核心提示: 在国家治理体系与治理能力的关系中,政治认知力是衡量国家治理能力的前提性指标,它保障了中国国家治理体系和治理能力建设的方向性,避免一个大国犯颠覆性的错误。政治认知力的一个关键要素就是对政治制度决定性作用的认知程度,“飞来峰”式的政治制度,必然导致无效治理甚或国家失败;而根植于本土的政治制度,具有民族精神的支撑和文化传统的滋养,具有强大的生命力。

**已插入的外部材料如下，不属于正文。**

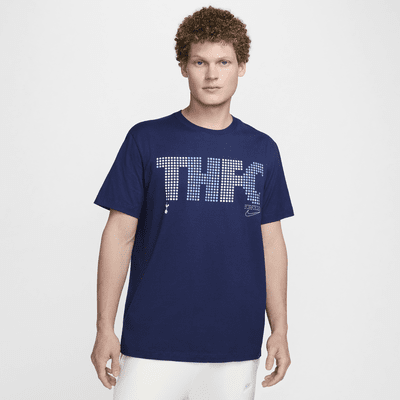 Playera de fútbol Nike para hombre Tottenham Hotspur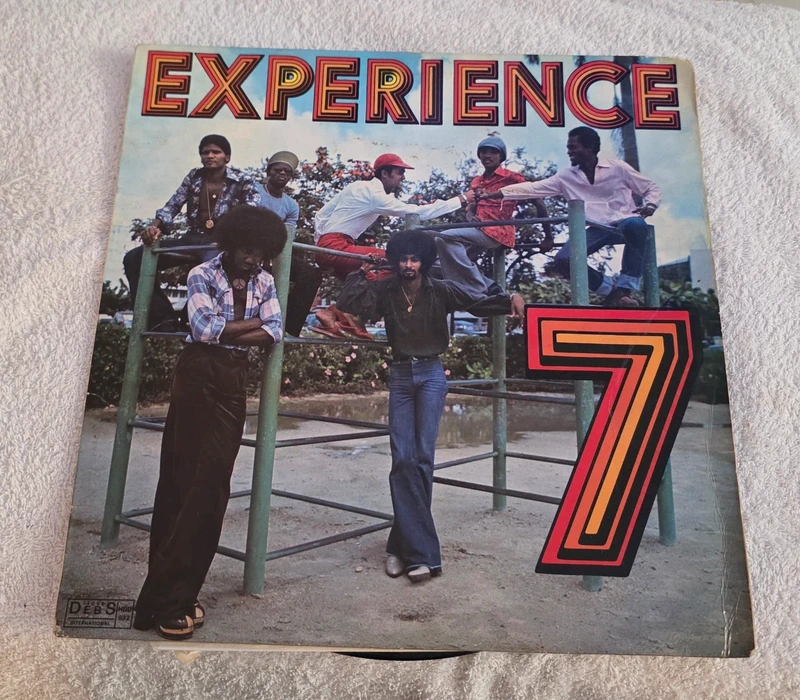 Disco Vinil Experience 7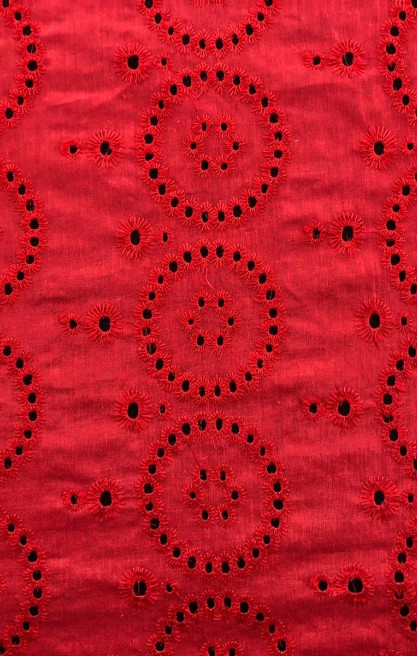 Kırmızı Bohreli Vual Brode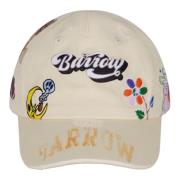 Baseballpet met graffiti-effect Barrow , White , Unisex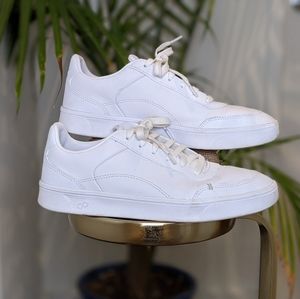 Puma White Sneakers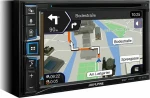 Alpine INE-W611D με Bluetooth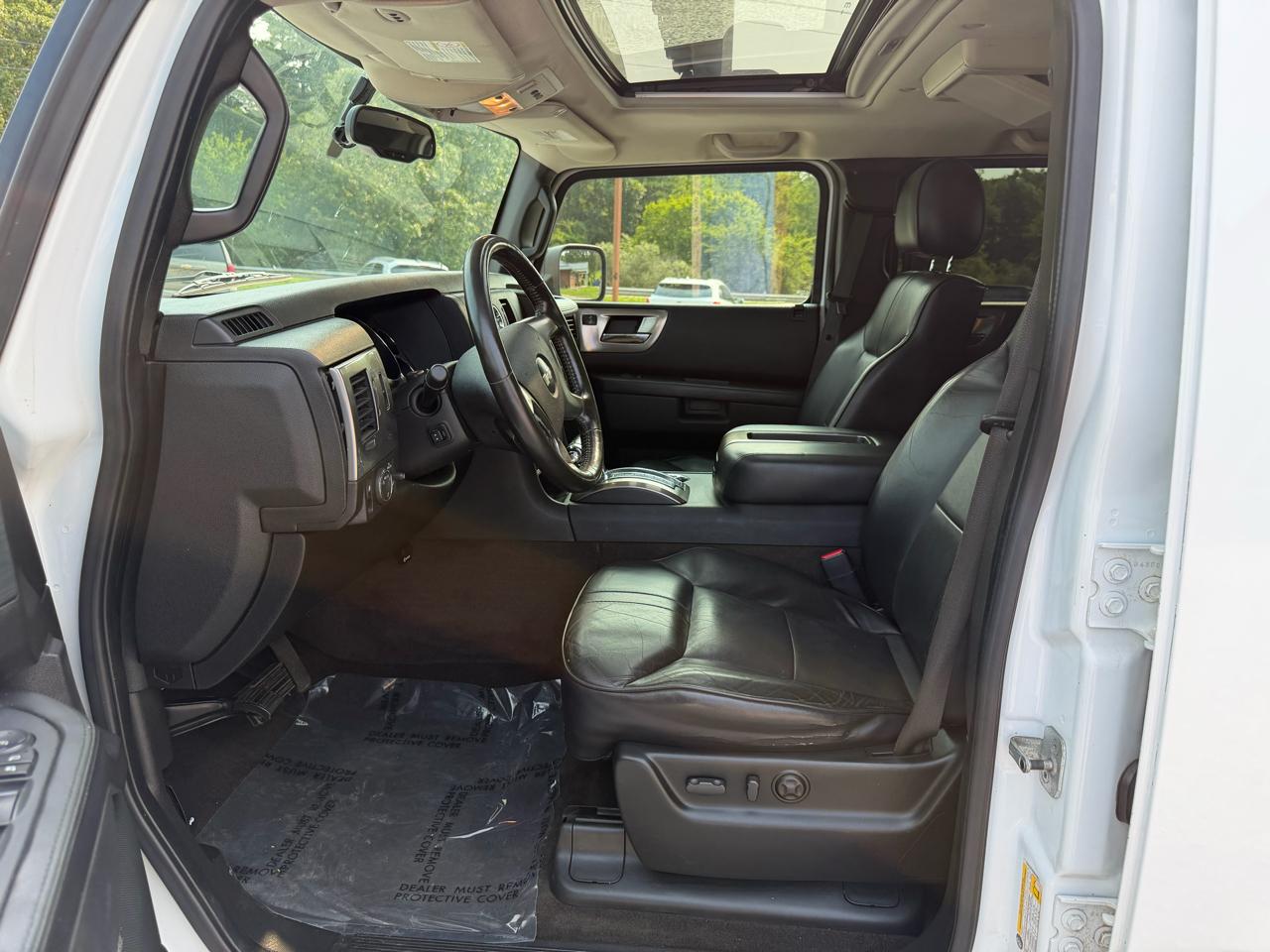 HUMMER H2 4WD 4dr SUT Luxury 2009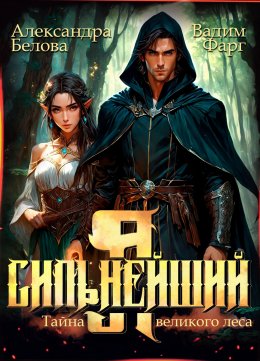 Скачать книгу Я – Сильнейший. Тайны великого леса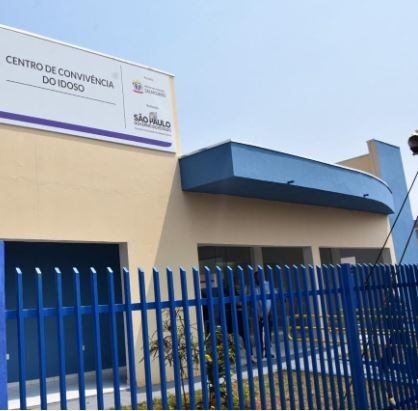 Reforma do Centro de convivência do Idoso  Miguel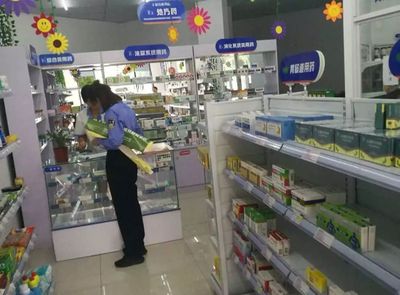 高溫不懼！藥品檢查進行時——保障夏季藥品零售安全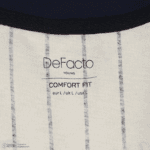 تی شرت ورزشی مردانه دفکتو مدل PLAYER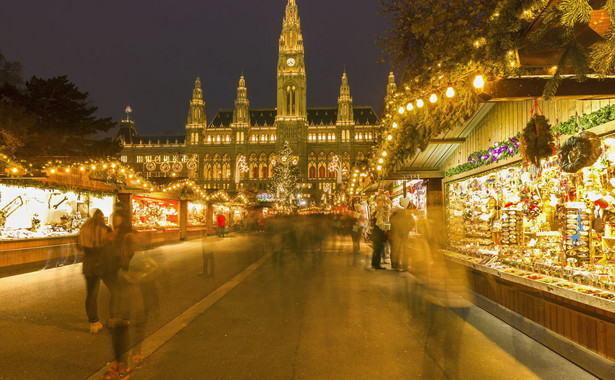 Najpiękniejsze jarmarki świąteczne w Europie. Jest też polski, na trzecim miejscu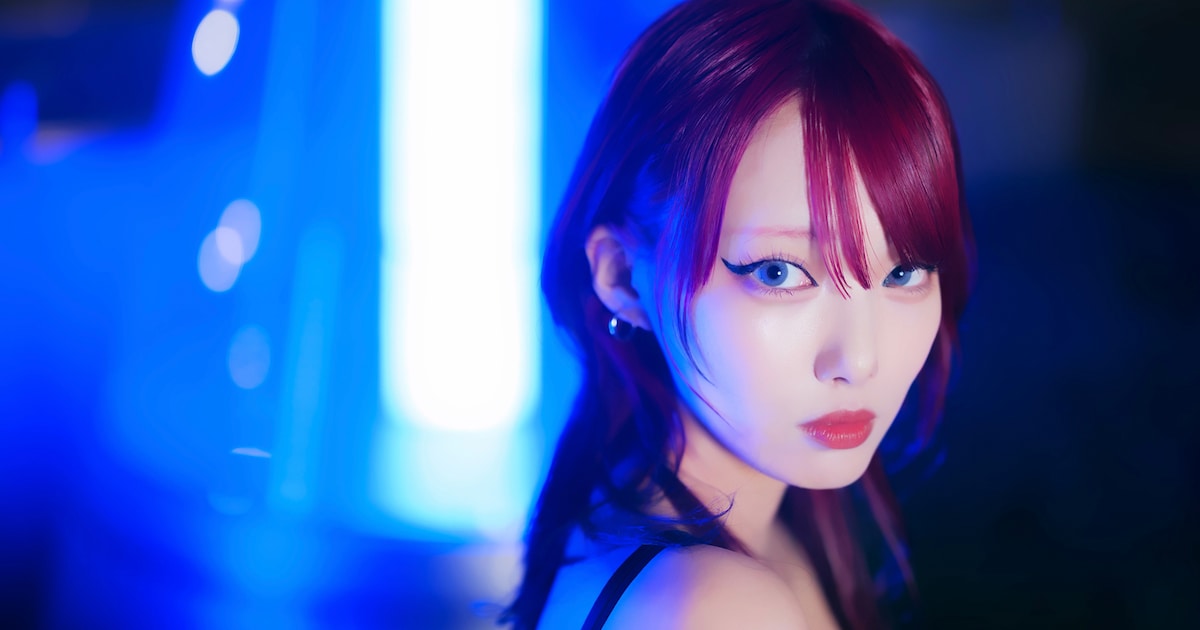 元NightOwl折原伊桜がソロ作品をCDリリース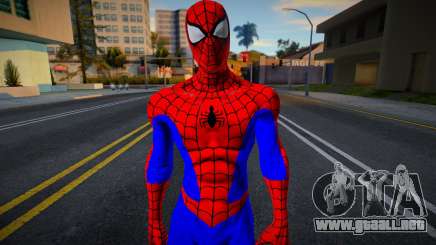 Spider man WOS v10 para GTA San Andreas
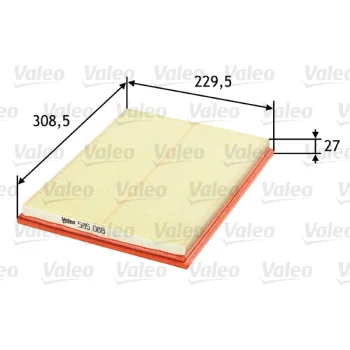 VALEO MX 585088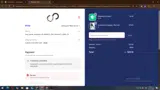 CURVE coupon verification screenshot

国家权力由经济权力、军事权力、意识形态权力和政治权力构成,各种权力之间相互影响,但于其内在的历史逻辑或者因果关系上,政治权力是其他权力相互作用的结果,而不是原因。中外历史上,几乎所有类型的政治权力都是通过经济权力、军事权力和意识形态权力的综合性较量而来的;政治权力(政治制度)一旦被选择,对其他权力的运行往往具有决定性的作用,因为政治制度最为集中地体现了各种利益关系的制度化安排。就此而言,政治制度是人们赖以存续的根本结构。一旦政治制度乱了,人们赖以生存的结构乱了,其他权力或者权利都无从论及。经济的增长可快可慢,甚至可以一时失序而不至于影响根本。但是,经济权力、军事权力和意识形态权力的溃败,最终往往会导致政治权力的终结,政治的溃败在大多数情况下是其他权力衰变的结果,虽然政治权力的滥用也会导致其他权力的衰变。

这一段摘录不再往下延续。